I want to start where Senator McAllister left off in taking note of the answers given today to those questions referred to with regard to the minimum wage and the annual wage review. It is important to point out elements of the answers that were given today with regard to the importance of business as employers and the need not to impose on businesses undue burden. They are the ones paying the wages and, if a business is burdened to an extent where it becomes unviable, a non-commercial entity, then the business closes down, the jobs go and those people Senator McAllister referred to in her contribution then do not have jobs to pay for the expenses she mentioned—groceries, schooling and things like that.

It is also important to go over some of the points that were made in the answers by ministers in question time. I think the most revealing of the points made was the fact that the government’s submission to the annual wage review is extremely similar to the submissions that have been made by successive governments over many years. As we know, in the years prior to 2013, we had a Labor government, led by Prime Minister Gillard and Prime Minister Rudd, and, of course, we had an employment minister who happens now to be the Leader of the Opposition. So we need to look at what they did when they were lodging submissions to the annual wage review. Points that were made included this. Bill Shorten, as the responsible minister, said that the minimum wage should increase but not be ‘set so high as to place undue financial burden on businesses, discouraging them from employing low-skilled workers’, whilst also noting that Australia has one of the highest minimum wages in the developed world. That is absolutely correct and that fact stands today. We cannot ignore that fact. This notion that business is some sort of monolithic cash cow that can churn out pay rises instantaneously is just not realistic. We have to remember that in this debate.

In her contribution, Senator McAllister also referred to the debate on penalty rates, and the same thinking should apply there, too. There is this notion going around that business can and should be able to afford pay increases all the time. The reality is that the increased burdens, the increased expenses to business and costs on running a business—small business, particuarly, where many of these low-paid workers are employed—can send these people out of business. The end result of that, of course, is that there are no jobs; they get no pay at all.

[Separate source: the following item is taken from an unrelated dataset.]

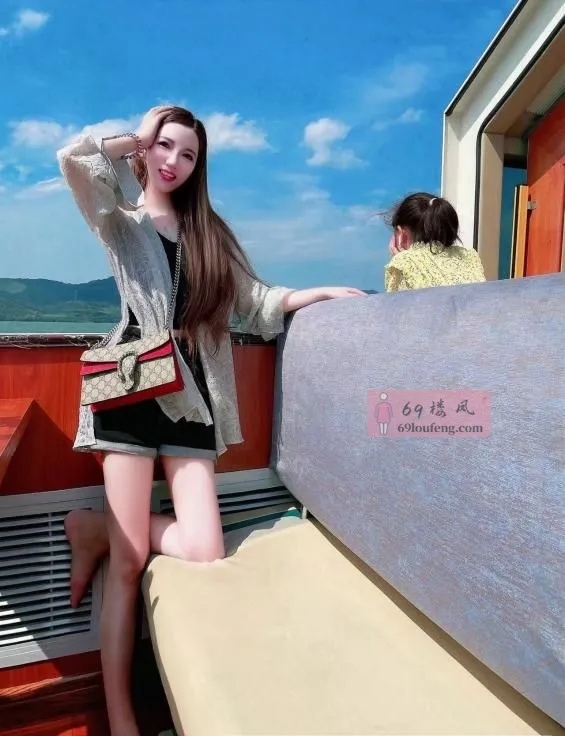 越秀长腿美女淇淇 - 广东-广州 楼凤实拍第3张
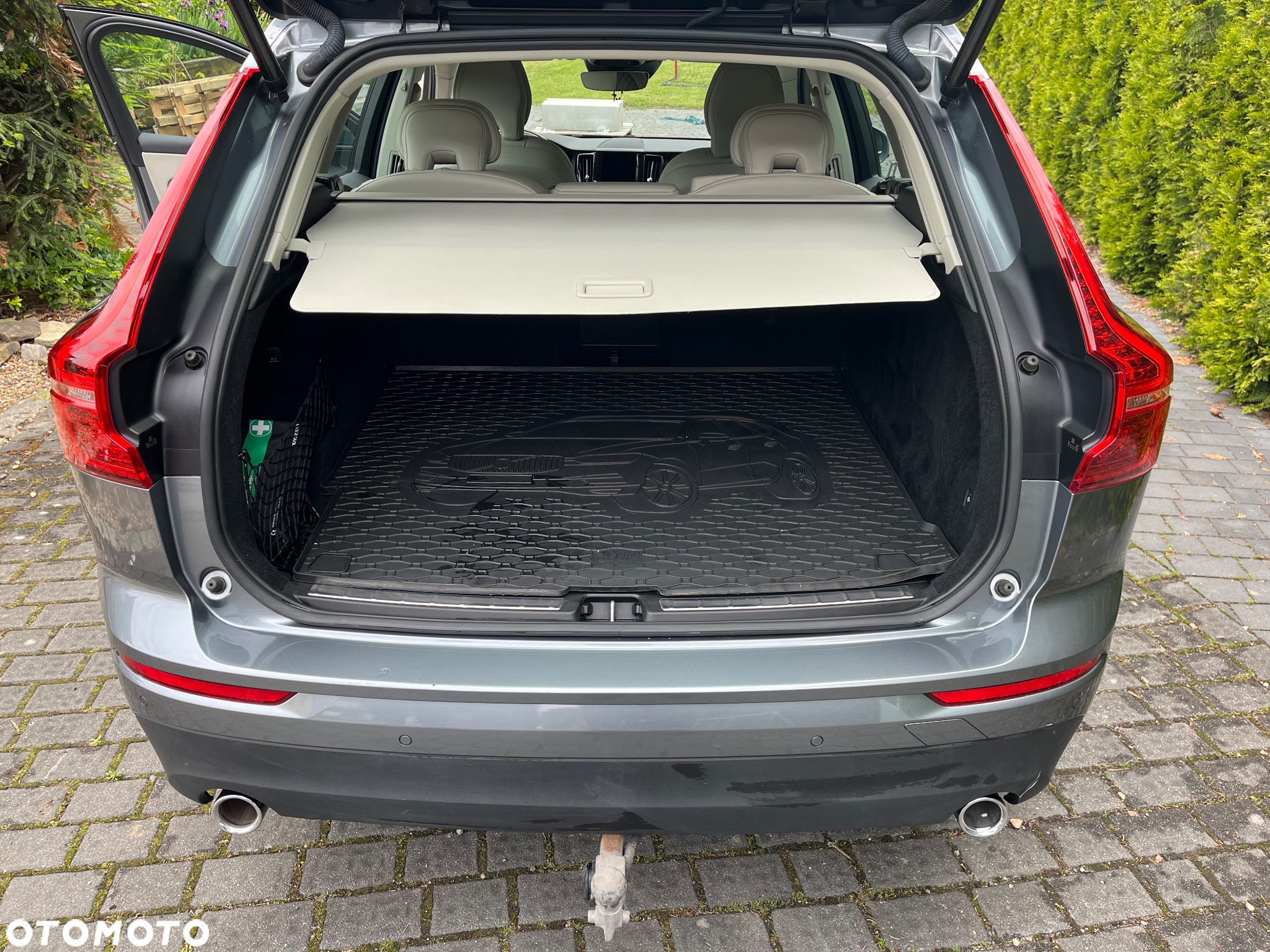 Volvo XC 60 B4 B Momentum Pro - 11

Going back to the points that have been made by ministers previously: there has been incredible consistency in the government’s submissions to the annual wage review over many years. As Senator Cash said in her answer: in 2011, 2012 and 2013, all of the submissions repeated the same information, and this notion that was advanced by Senator Cameron—by interjection, I think, not in asking the question—that the advice was to get rich parents or marry up is a ridiculous suggestion in my view. No-one said that; no-one would ever suggest that. The fact that that suggestion is being made by Senator Cameron in his interjection when the submission made by this government to the annual wage review is consistent with the submissions by previous governments, including Labor governments, was made at a time when we had an employment minister in the now opposition leader, Mr Bill Shorten—is he suggesting that the submissions back then had the same message for low-paid workers? I don’t think so; I think he knows how ridiculous that assertion was.

I conclude by saying: it is just cheap politics to try and pick selective quotes out of the submission to mount a case that this government is somehow the enemy of the worker, when we are doing precisely what governments before us have done. We are also supporting small business—and business generally—to create jobs and to assist them to invest so that they can keep the economy ticking over.